The ‘blue lobster’ is one of the rarest crustaceans on the planet. It’s estimate that only 1 in every 2 to 5 MILLION lobsters is a ‘blue lobster’. Also, fun fact: blue lobsters are the most bro of all lobsters because the blue color is caused by a genetic defect that produces an extreme excess of protein (frankly, I think we should start calling the blue lobster the ‘brotein lobster’ but that’s just me). Well, odds bed damned, last weekend not one but TWO blue lobsters were caught by fishermen in Nova Scotia.
A pair of fishermen have beaten odds of oceanic proportions after two extremely rare blue lobsters were caught off the coast of Nova Scotia over the long weekend.
Fisherman Blaine Marsh nabbed the first brightly coloured crustacean, which was given the name “Blueberry” by his granddaughter, on Friday near the Cape Breton fishing community of Alder Point. It was released Sunday.
“It’s a good luck sign for the fisherman,” Marsh’s wife Mary Marsh told CTV Atlantic. “I hope the fisherman have a good season this lobster season.”
On Monday, fisherman Scott MacKinnon pulled another blue lobster from Low Point, N.S., about 150 kilometres southwest from the first catch.

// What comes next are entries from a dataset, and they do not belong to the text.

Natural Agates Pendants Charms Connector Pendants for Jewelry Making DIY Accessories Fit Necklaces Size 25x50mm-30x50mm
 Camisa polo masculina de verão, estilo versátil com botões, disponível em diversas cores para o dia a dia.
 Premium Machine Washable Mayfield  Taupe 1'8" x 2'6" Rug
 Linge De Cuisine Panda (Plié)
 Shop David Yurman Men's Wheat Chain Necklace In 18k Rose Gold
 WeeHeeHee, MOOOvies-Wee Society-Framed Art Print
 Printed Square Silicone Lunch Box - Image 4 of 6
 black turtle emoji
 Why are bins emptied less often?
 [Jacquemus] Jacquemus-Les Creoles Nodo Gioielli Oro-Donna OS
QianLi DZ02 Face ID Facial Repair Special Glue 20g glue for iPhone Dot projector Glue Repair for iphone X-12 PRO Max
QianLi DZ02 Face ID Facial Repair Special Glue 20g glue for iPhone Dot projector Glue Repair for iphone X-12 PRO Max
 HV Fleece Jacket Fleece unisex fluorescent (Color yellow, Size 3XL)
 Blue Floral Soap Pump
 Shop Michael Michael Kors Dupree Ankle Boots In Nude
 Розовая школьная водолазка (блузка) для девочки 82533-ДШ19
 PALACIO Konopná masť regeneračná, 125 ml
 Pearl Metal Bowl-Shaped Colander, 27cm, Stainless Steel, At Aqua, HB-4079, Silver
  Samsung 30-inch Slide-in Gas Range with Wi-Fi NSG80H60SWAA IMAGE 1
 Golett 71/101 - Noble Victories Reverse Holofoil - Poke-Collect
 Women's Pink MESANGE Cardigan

The odds of catching a blue lobster are pegged at about one in two million. The lobster’s bright blue colour is attributed to a genetic mutation that causes the crustacean to produce higher levels of a certain protein.
Because of the vast distance between the two catches and the difference in the lobsters’ sizes, MacKinnon says they can’t possibly be the same crustacean.
No, because their lobster was undersized and ours was a pound and a half,” MacKinnon told CTVNews.ca.
MacKinnon says he plans to keep his lobster, now named Opal, in a tank in North Sydney before releasing it at the end of the lobster season on July 14.
That’s a pretty bro move to release them both, especially when they could fetch huge sums of money throughout the upcoming lobster season. This is also reminiscent of last July when someone caught a split-colored lobster, the 2nd rarest lobster in the world, with odds of 1 in 50 million. Just think about how much someone would spend on a lobster roll made of a lobster that rare:
It’s been about a decade since the last time I took a Statistics class, but if any of you bros want to run the numbers on what the odds of this happening are I’d be much obliged, just hit me up down below in the comments. Is this one of those situations where we just add the numbers, so 1 in 4 to 10 million, or do they compound? I really don’t remember my stats at all…
(via CTV News)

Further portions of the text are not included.